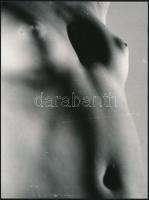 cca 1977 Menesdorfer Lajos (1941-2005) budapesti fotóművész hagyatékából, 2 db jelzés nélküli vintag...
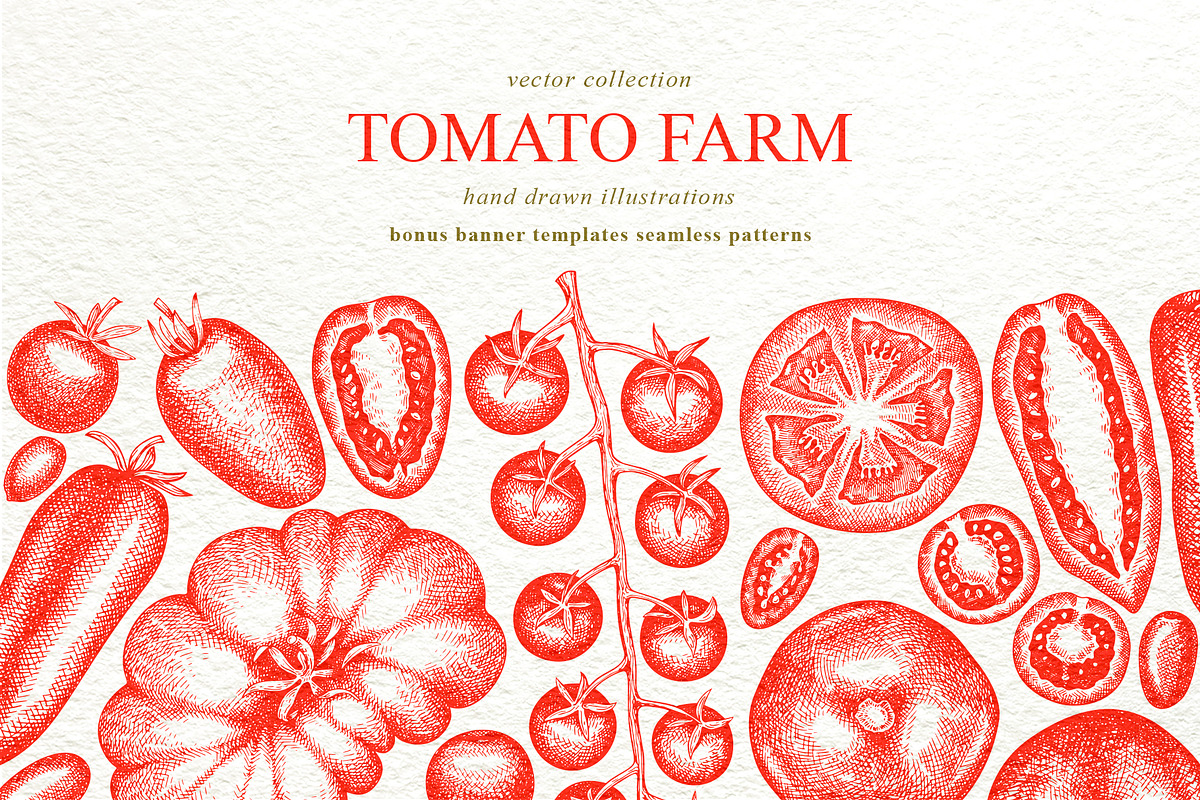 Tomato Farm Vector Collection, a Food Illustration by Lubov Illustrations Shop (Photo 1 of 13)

--

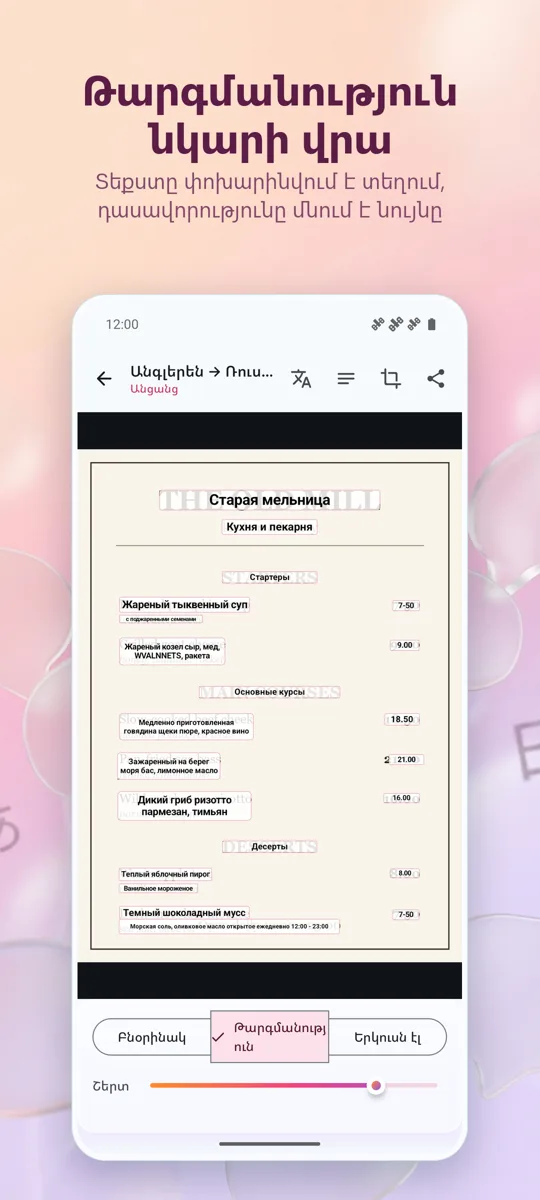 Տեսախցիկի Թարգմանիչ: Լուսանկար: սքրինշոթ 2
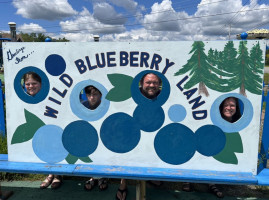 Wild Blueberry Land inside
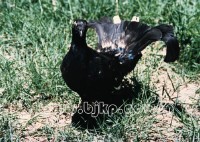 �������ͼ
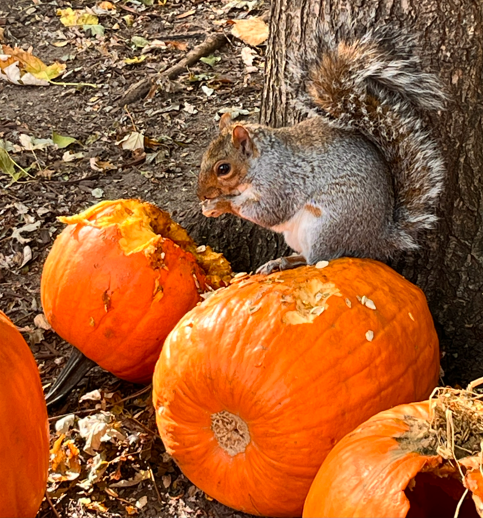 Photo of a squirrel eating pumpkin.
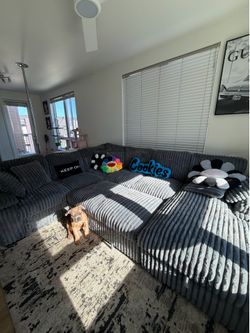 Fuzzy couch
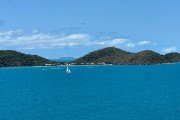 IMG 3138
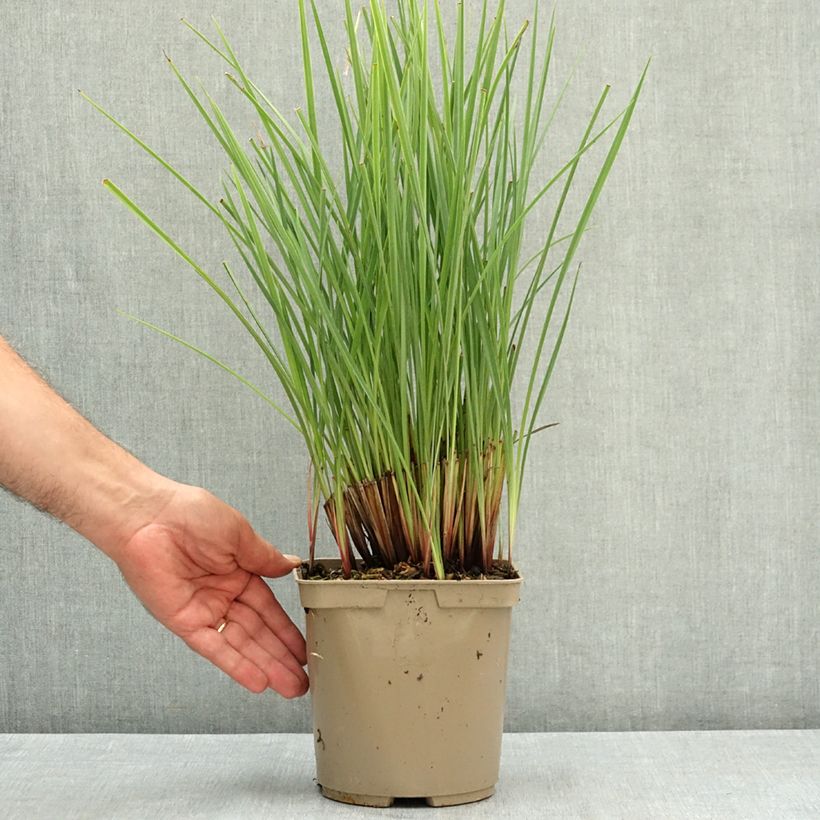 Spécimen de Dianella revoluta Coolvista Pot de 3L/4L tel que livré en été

- _Exercise instructions_
In the data above, take the line with "Wild Blueberry Land inside", the line with "Spécimen de Dianella", and every line between, and set them down exactly without pictures.

- _Answer to the exercise_
 Wild Blueberry Land inside
 �������ͼ
 Photo of a squirrel eating pumpkin.
 Fuzzy couch
 IMG 3138
 Spécimen de Dianella revoluta Coolvista Pot de 3L/4L tel que livré en été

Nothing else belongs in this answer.